Mobility budget most often used for loan or rent payments | Domestic

Exchanging the company car for a mobility budget is gaining popularity, but it still remains a limited phenomenon. Those who did do so most often used the budget to pay housing loans or rent. This is evident from a study by HR service provider SD Worx.

The mobility budget will be in existence for five years on March 1. The idea behind it is that employees exchange their (right to) a company car for a budget that they can use for, for example, an electric car, a bicycle, a train, bus or shared subscription. In addition, employees can use the budget to pay a mortgage loan or house rent, at least if they live within a radius of 10 kilometers from their work or work from home more than half of the time.

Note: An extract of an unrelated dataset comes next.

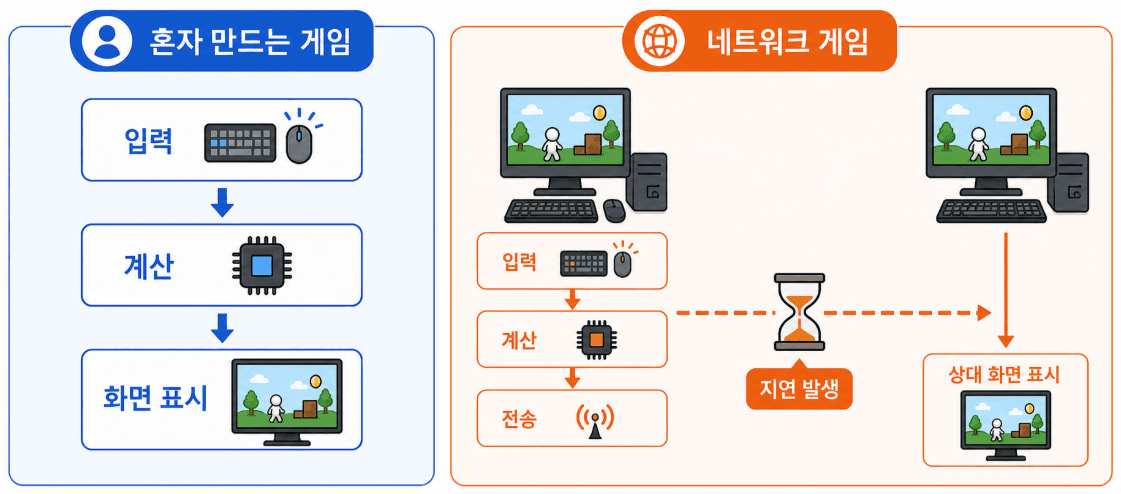 09/28 - 네트워크 기초이론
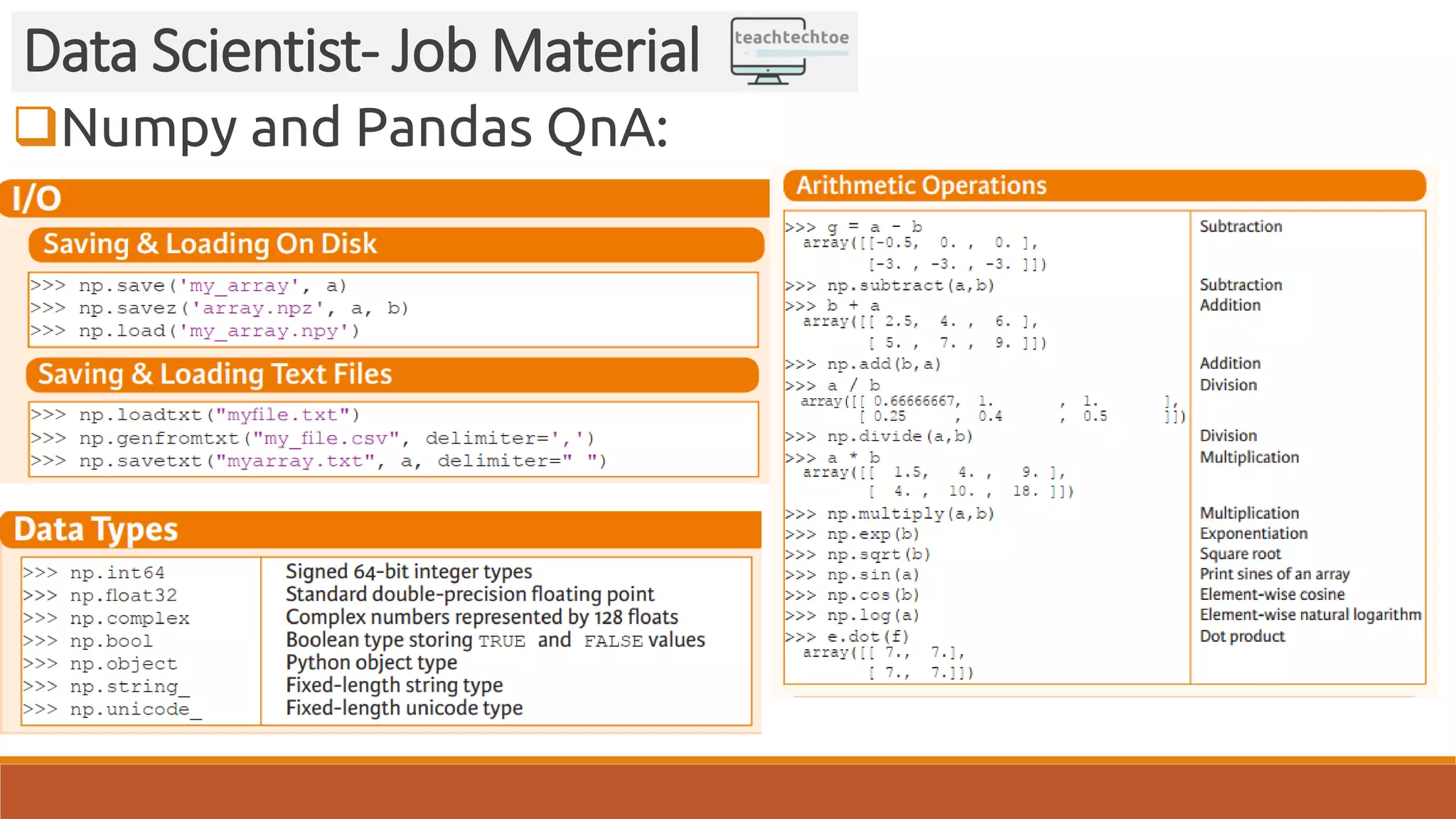 Numpy and Pandas QnA: Data Scientist- Job Material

And the last option turns out to be a success. “The mobility budget is very popular for financing loans and house rent, and this share has been increasing for some time,” says Audrey Stampaert of Mbrella, a digital HR mobility platform. “In 2023, 77 percent of employees used their mobility budget for housing costs.” In 2021 that was still 45 percent, in 2022 it was 52 percent. In addition, money is mainly spent on bicycles (bicycle purchase, bicycle sharing subscription, etc.).

Based on an analysis of more than 36,000 employers and more than 1.1 million employees, SD Worx states that the share of employees with a mobility budget will double in 2023: from 0.2 to 0.4 percent. One in 35 employees with a company car traded it in. The median amount of the mobility budget was 7,800 euros.

Trading in the company car is most successful among employees between 25 and 35 years old. And “especially if the employee does not really need the car or if there are sufficient alternatives available, such as in the cities,” says Veerle Michiels of SD Worx. In Brussels, 3.5 percent of employers offer the mobility budget, in Flanders 1 percent.